--- Records provided Enclosed Below ---

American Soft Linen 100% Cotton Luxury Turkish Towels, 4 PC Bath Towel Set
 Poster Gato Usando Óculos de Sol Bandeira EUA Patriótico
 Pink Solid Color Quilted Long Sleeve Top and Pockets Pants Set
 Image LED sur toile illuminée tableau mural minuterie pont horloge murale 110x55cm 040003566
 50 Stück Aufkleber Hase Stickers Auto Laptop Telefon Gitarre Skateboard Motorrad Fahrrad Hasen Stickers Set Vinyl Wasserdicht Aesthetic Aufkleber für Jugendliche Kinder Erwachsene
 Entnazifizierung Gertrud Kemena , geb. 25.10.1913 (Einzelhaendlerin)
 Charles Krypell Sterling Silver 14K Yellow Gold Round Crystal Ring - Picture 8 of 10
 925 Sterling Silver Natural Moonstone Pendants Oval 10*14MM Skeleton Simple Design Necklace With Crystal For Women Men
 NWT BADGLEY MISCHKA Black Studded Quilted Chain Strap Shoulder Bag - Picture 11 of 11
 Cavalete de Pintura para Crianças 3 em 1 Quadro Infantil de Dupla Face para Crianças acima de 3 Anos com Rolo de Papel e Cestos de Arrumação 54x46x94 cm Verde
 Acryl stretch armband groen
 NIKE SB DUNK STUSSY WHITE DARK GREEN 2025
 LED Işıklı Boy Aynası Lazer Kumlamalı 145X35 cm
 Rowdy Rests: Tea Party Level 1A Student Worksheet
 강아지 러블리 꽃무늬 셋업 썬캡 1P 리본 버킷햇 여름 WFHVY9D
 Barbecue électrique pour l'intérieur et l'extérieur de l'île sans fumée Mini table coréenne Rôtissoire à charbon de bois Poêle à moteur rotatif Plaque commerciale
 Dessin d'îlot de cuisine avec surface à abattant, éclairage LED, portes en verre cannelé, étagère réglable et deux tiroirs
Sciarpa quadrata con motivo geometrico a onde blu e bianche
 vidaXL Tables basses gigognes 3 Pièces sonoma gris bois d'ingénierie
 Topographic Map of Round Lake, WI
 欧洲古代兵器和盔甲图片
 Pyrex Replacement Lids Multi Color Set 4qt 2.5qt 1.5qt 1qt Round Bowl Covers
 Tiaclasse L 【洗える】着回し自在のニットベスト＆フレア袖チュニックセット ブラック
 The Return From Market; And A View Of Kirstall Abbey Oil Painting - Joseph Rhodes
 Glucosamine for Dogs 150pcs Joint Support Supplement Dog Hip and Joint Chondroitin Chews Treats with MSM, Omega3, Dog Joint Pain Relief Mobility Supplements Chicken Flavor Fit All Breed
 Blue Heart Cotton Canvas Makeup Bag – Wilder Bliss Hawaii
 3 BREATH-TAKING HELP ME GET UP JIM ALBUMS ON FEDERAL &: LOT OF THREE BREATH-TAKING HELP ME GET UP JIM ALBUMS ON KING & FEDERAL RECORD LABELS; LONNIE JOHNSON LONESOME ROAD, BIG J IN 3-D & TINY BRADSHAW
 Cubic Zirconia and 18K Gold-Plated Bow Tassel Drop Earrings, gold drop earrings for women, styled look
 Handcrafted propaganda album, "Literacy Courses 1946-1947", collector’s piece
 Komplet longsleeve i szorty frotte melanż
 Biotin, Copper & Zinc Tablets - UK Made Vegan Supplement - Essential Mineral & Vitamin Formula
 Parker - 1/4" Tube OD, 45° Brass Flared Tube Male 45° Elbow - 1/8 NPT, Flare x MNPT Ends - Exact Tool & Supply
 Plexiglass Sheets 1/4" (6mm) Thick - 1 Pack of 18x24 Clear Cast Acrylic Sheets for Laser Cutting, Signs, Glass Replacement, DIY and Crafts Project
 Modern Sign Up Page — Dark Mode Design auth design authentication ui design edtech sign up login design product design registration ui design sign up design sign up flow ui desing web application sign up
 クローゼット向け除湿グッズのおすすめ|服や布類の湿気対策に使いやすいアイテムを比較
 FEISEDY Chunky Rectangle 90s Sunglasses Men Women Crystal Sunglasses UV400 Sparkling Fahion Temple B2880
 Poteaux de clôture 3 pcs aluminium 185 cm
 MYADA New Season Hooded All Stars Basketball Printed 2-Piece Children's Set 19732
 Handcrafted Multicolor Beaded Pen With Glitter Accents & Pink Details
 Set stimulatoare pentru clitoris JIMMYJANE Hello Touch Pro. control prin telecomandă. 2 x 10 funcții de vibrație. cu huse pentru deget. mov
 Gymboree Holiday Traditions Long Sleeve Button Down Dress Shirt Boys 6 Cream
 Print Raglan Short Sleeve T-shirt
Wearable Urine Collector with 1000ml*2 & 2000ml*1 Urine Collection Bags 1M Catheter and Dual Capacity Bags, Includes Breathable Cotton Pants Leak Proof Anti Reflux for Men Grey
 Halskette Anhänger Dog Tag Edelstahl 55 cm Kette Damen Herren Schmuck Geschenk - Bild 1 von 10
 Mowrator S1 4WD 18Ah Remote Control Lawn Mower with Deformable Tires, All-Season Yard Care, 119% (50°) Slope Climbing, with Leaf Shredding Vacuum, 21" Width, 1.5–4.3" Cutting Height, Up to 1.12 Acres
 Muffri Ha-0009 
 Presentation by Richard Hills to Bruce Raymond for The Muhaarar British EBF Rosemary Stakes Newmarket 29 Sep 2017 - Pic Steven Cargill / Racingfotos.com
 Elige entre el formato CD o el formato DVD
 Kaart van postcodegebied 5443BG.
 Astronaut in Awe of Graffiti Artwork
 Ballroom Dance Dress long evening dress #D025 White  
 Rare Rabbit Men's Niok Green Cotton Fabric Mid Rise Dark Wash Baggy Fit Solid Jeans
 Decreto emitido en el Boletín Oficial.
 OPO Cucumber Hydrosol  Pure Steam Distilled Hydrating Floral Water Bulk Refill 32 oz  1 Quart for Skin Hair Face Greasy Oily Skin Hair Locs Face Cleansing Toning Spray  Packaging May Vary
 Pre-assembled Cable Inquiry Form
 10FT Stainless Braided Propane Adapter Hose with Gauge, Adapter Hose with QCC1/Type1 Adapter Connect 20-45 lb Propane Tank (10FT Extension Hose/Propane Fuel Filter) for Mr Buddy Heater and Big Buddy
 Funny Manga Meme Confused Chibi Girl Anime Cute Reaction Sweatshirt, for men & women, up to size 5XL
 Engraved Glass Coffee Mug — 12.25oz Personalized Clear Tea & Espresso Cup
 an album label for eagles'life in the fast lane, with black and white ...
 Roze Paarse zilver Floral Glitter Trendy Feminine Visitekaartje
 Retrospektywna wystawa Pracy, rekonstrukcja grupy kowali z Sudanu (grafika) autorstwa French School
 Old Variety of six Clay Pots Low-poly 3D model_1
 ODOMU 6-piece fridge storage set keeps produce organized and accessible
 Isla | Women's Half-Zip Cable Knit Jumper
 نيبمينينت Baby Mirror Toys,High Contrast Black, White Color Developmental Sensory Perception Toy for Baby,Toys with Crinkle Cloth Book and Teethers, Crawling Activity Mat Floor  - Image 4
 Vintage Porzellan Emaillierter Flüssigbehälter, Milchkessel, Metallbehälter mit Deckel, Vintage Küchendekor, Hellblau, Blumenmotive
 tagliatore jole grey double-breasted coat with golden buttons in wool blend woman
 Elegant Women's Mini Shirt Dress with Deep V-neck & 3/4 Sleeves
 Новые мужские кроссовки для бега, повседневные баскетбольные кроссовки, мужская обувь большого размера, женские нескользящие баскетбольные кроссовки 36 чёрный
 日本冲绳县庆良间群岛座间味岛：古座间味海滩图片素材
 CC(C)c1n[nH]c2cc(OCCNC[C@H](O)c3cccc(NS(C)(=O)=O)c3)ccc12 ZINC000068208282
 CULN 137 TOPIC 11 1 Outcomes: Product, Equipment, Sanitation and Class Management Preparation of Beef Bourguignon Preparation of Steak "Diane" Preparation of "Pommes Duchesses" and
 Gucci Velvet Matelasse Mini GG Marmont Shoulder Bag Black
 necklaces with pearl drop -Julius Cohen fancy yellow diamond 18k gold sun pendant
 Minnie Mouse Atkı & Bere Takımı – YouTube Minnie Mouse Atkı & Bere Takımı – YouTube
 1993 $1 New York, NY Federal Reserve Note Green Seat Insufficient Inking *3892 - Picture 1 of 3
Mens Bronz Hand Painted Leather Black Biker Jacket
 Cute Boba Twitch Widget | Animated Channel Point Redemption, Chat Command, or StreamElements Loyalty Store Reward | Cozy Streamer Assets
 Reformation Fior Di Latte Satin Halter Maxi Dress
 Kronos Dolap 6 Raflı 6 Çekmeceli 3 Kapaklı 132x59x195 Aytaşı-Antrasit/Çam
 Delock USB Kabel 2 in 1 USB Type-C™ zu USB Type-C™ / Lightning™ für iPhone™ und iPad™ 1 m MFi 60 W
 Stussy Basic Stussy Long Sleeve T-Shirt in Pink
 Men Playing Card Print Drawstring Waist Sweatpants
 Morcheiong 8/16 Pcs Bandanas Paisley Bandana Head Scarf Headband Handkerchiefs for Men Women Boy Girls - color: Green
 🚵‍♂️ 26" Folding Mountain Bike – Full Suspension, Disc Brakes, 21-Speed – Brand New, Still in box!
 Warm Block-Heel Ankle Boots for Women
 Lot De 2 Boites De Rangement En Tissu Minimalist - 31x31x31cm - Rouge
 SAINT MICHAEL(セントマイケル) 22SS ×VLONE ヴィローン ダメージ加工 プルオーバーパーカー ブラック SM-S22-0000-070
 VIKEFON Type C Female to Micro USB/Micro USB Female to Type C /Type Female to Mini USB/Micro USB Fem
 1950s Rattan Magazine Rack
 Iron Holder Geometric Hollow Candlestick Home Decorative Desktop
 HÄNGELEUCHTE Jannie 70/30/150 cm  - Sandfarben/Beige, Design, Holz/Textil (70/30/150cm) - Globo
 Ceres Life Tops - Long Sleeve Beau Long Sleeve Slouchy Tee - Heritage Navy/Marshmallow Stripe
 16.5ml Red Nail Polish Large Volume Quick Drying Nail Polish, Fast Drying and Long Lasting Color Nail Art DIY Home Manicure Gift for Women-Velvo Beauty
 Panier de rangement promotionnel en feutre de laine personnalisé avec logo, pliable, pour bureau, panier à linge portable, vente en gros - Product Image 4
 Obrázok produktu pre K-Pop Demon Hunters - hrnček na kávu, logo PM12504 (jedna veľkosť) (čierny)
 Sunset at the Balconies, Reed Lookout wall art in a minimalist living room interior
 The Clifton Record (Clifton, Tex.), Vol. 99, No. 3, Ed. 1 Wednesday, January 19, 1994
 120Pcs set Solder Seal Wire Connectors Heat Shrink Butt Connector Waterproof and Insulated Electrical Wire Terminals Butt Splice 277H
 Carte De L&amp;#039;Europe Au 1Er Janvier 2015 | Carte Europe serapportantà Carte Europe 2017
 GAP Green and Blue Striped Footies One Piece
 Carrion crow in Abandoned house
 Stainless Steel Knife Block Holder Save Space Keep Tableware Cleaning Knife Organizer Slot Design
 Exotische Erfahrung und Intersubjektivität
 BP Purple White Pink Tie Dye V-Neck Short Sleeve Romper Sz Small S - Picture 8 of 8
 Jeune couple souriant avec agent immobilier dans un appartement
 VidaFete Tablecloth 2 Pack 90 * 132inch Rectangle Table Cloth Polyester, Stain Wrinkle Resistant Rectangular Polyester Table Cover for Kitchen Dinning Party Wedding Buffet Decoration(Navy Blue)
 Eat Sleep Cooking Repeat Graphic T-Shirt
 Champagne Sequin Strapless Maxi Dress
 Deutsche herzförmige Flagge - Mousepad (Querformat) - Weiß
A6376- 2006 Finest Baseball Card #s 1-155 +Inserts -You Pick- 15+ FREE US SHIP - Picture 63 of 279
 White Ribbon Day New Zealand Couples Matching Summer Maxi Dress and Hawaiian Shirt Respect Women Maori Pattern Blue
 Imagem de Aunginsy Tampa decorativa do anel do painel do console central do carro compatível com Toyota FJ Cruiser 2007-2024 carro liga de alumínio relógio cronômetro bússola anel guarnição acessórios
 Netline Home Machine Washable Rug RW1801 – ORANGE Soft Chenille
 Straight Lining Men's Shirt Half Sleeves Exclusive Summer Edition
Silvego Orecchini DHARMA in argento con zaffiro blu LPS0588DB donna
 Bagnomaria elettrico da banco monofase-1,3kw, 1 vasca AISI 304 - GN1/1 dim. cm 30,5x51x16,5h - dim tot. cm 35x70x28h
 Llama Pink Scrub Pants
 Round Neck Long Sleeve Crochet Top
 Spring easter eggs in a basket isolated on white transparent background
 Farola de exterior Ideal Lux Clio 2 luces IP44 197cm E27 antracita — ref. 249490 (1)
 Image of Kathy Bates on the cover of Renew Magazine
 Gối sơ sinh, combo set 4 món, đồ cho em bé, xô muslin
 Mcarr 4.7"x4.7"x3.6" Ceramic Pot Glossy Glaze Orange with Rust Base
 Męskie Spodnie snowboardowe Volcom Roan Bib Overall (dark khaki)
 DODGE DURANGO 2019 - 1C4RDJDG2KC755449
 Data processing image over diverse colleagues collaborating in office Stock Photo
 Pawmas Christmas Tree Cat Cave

--- End of Enclosed Records provided ---

# Exercise aim
In the data above, retype exactly and only the lines between the one holding "VIKEFON Type C" and the one holding "16.5ml Red Nail", inclusive.

# Answer for the task
 VIKEFON Type C Female to Micro USB/Micro USB Female to Type C /Type Female to Mini USB/Micro USB Fem
 1950s Rattan Magazine Rack
 Iron Holder Geometric Hollow Candlestick Home Decorative Desktop
 HÄNGELEUCHTE Jannie 70/30/150 cm  - Sandfarben/Beige, Design, Holz/Textil (70/30/150cm) - Globo
 Ceres Life Tops - Long Sleeve Beau Long Sleeve Slouchy Tee - Heritage Navy/Marshmallow Stripe
 16.5ml Red Nail Polish Large Volume Quick Drying Nail Polish, Fast Drying and Long Lasting Color Nail Art DIY Home Manicure Gift for Women-Velvo Beauty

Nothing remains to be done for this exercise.